Outra proposta abordada é encorajar as pessoas a espalharem a arte e as ideias internas, a partir da celebração das memórias, sobretudo, dos povos que foram marginalizados e utilizaram da expressão artística para lutar contra as diversas formas de violências sofridas.
“Elas não estão sozinhas, mesmo o caminho sendo muito difícil, é possível sim você ser uma pessoa dissidente, racializada, fora desse padrão social e fazer seu trabalho, se expressar, porque às vezes, você tem uma ideia e se todo mundo soubesse, talvez faria uma diferença e você não sabe disso”, diz Markus.
A ocupação 9 de Julho

Ocupação 9 de Julho(foto: Arquivo Pessoal)
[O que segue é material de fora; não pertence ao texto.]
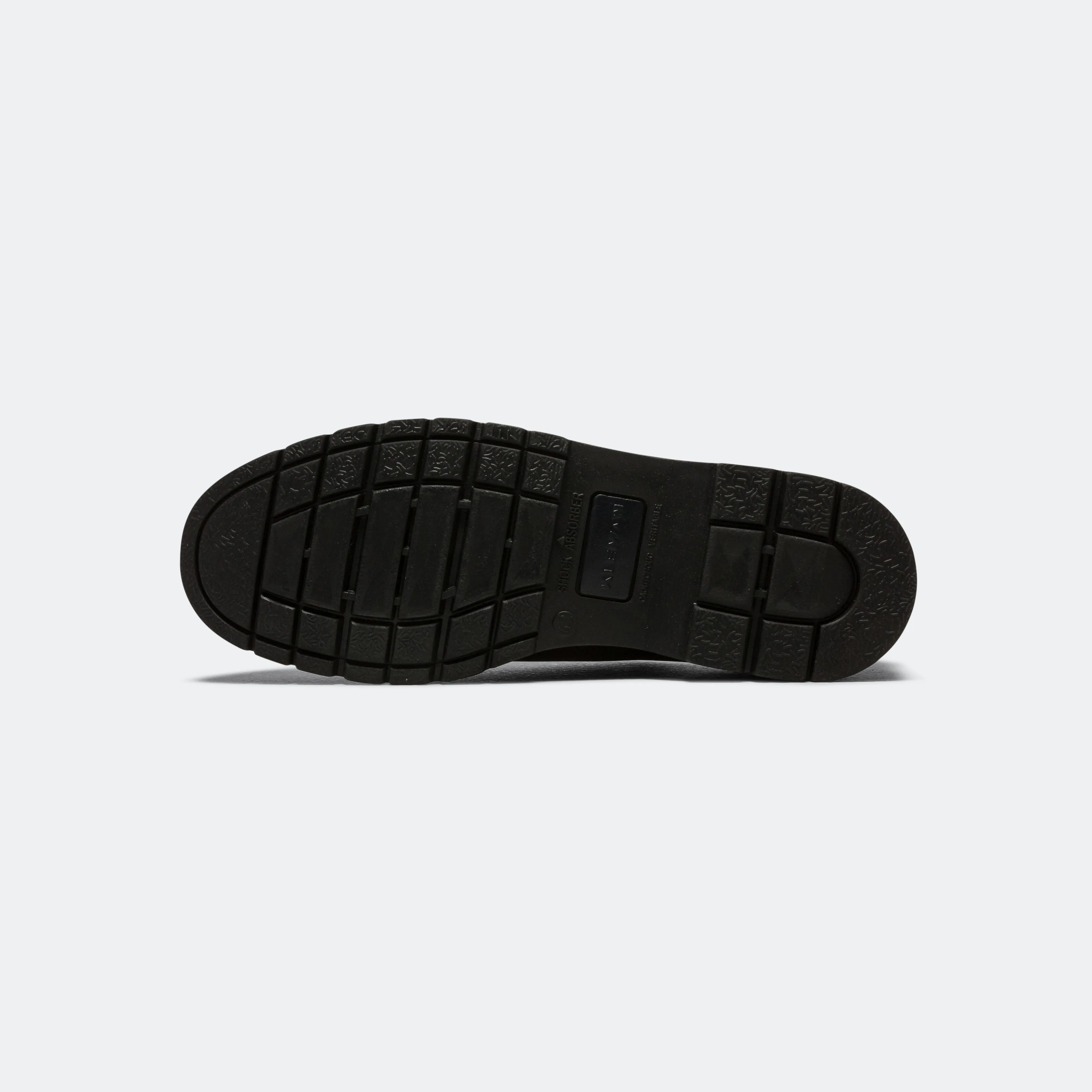 Padror - Marron/Noir comfortable socks Go Anywhere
A escolha do local é historicamente significativa e pontual para a construção da narrativa apresentada na exposição, que preza, como diz a produtora Tainá Ramos, pela “arte em espaços acessíveis e seguros para a nossa existência”.
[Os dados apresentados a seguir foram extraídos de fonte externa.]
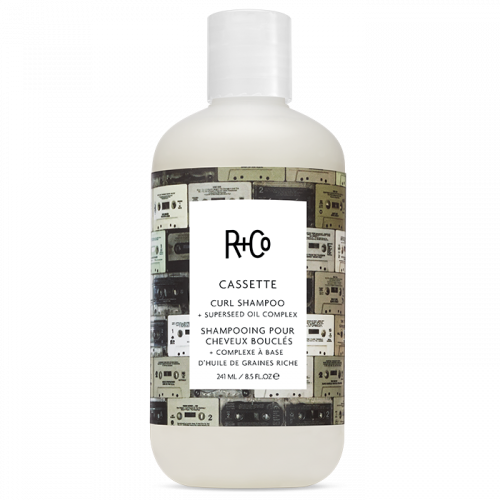 R+CO CASSETTE Curl Shampoo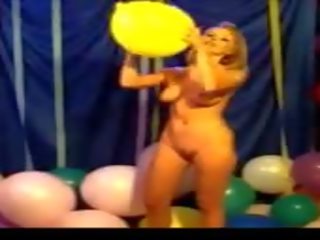 Jennifer Avalon - Bare Balloon Babes 3, xxx clip 68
O antigo prédio do Instituto Nacional do Seguro Social (INSS) permaneceu por mais de 20 anos vazio e degradado, sendo ocupado pela primeira vez em 1997 e, novamente, em 2016, em que se tornou a Ocupação 9 de Julho do MSTC – Movimento dos Sem Teto do Centro, em São Paulo, que visa garantir o direito à moradia e a cidade como um bem comum.
O prédio de 14 andares, abriga hoje 128 famílias e cerca de 500 pessoas, vindas de diversas partes do Brasil e do mundo, entre elas África, América do Sul e América Central, com imigrantes de cerca de onze países. O espaço conta com biblioteca, quadra, horta comunitária, brinquedoteca, marcenaria, galeria de arte, brechó, refeitório, além da famosa cozinha coletiva.
O local, por meio do esforço de muitas pessoas, em especial a liderança do MSTC, Carmen Silva, canaliza hoje a força e relevância dos movimentos sociais, ao reivindicar que a dignidade da vida é, também, ter acesso a trabalho, saúde, educação, cultura e lazer. Nessa perspectiva, além de promoverem almoços abertos com oficinas de gastronomia, há também outras atividades, como a galeria Reocupa e o CineOcupa.
Dessa forma, com tantos anos de luta pela cidadania plena, a escolha desse espaço múltiplo de circulação é crucial para que as pessoas possam conhecê-lo, se sentirem acolhidas e ocupar “lugares politicamente seguros”.
Assim, como diz a produtora, “as questões individuais se transformam em algo coletivo, como uma forma de expressão da sua individualidade,que também é subjetiva,mas contempla muitas outras pessoas que vivenciam aquilo”.
Compartilhar a produção de artistas racializados periféricos num local que é símbolo da resistência tem como propósito também desmistificar a criminalização despejada nos movimentos de moradia e isso se dá a partir do apoio da noção de comunidade como algo que gera trocas, interação e afetos.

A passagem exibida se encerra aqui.